* [Prompt]
Only the lines below from the one containing "山东济南市民政局所属事业单位招考聘用23人同步测试模拟卷含答案3" through the last line should be set down, exactly as written and with no pictures.

* [Data supplied]
*** Block opens ***

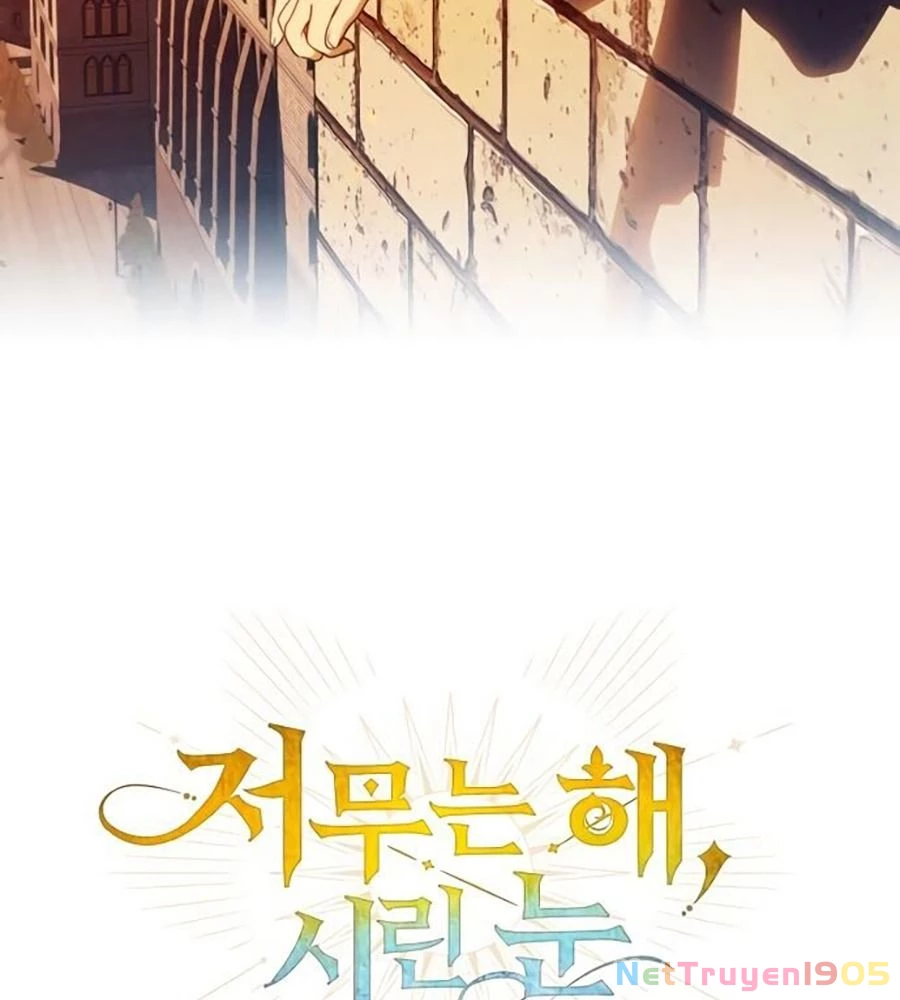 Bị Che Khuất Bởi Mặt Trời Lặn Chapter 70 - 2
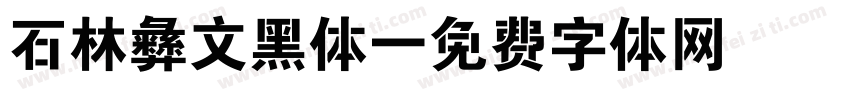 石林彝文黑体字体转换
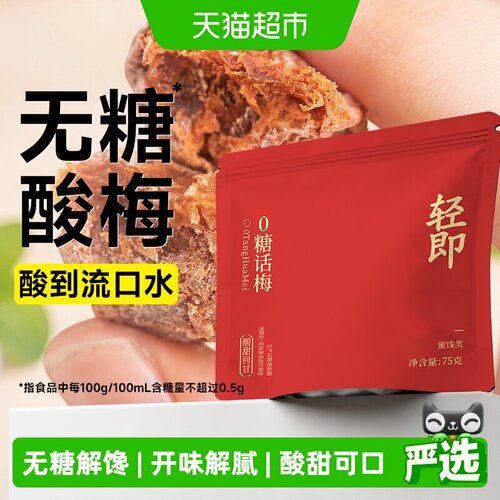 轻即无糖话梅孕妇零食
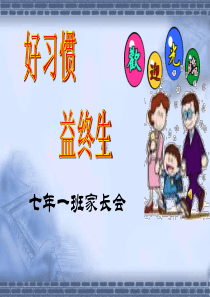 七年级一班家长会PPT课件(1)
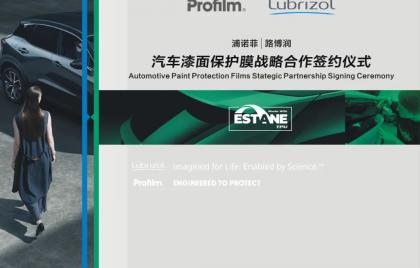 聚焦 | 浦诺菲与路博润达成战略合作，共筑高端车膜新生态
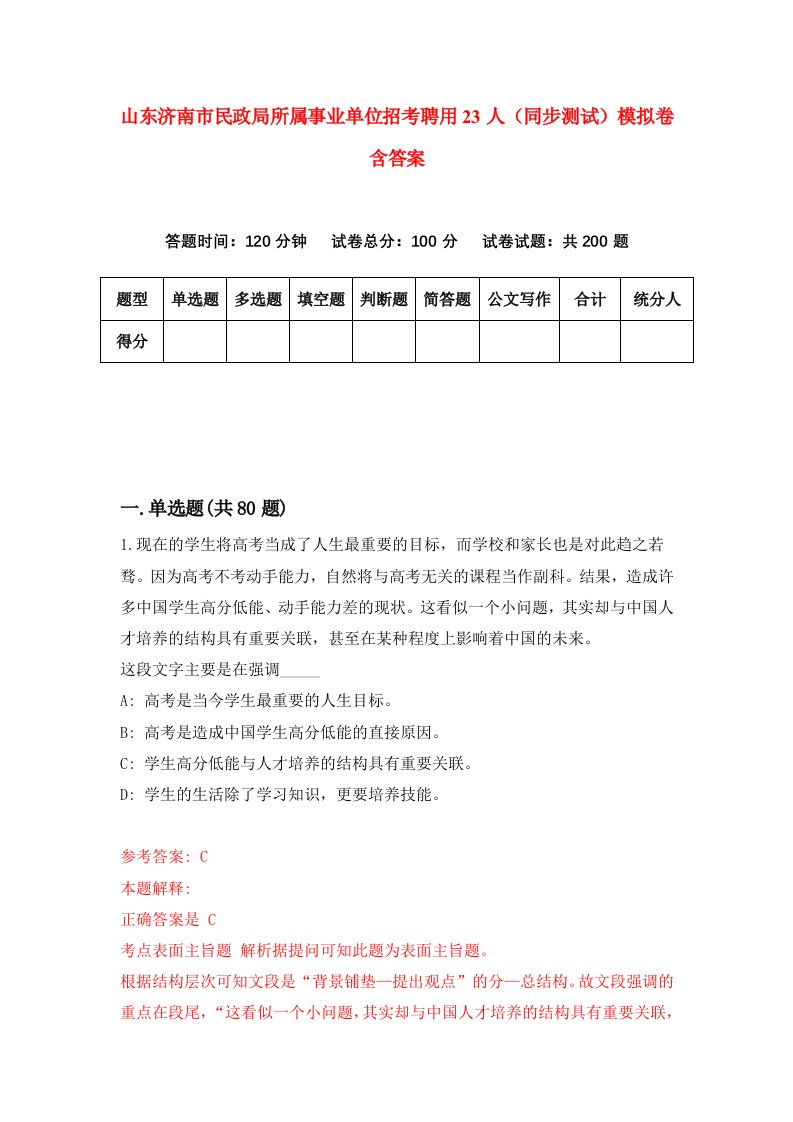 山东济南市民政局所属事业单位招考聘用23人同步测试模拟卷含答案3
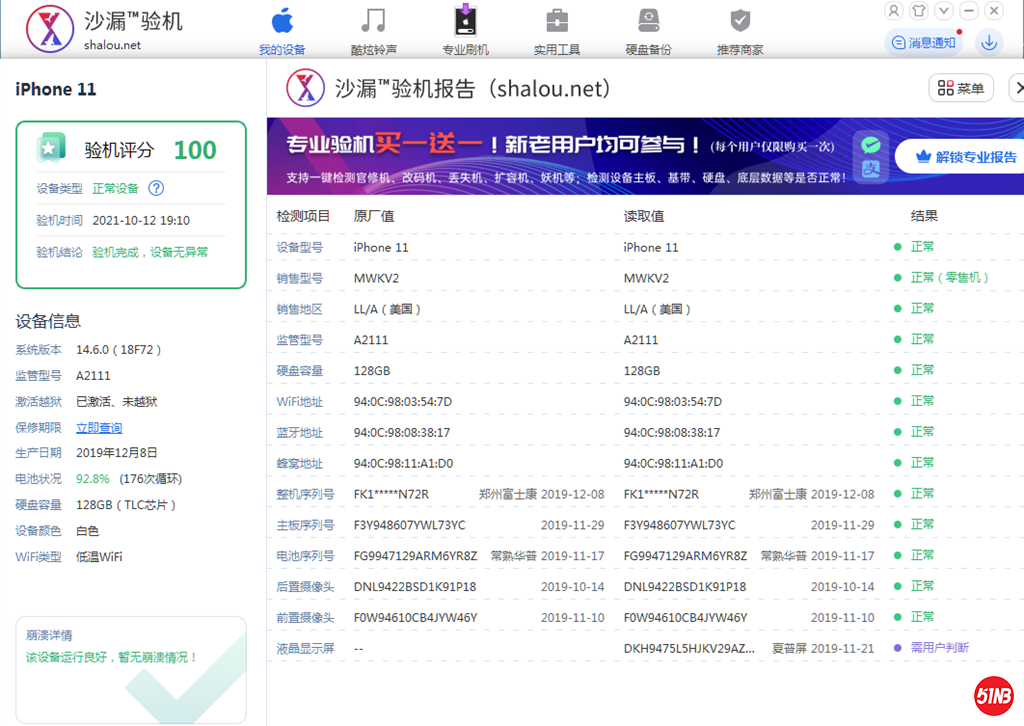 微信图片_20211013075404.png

*** Block closes ***

* [Response box]
 山东济南市民政局所属事业单位招考聘用23人同步测试模拟卷含答案3
 微信图片_20211013075404.png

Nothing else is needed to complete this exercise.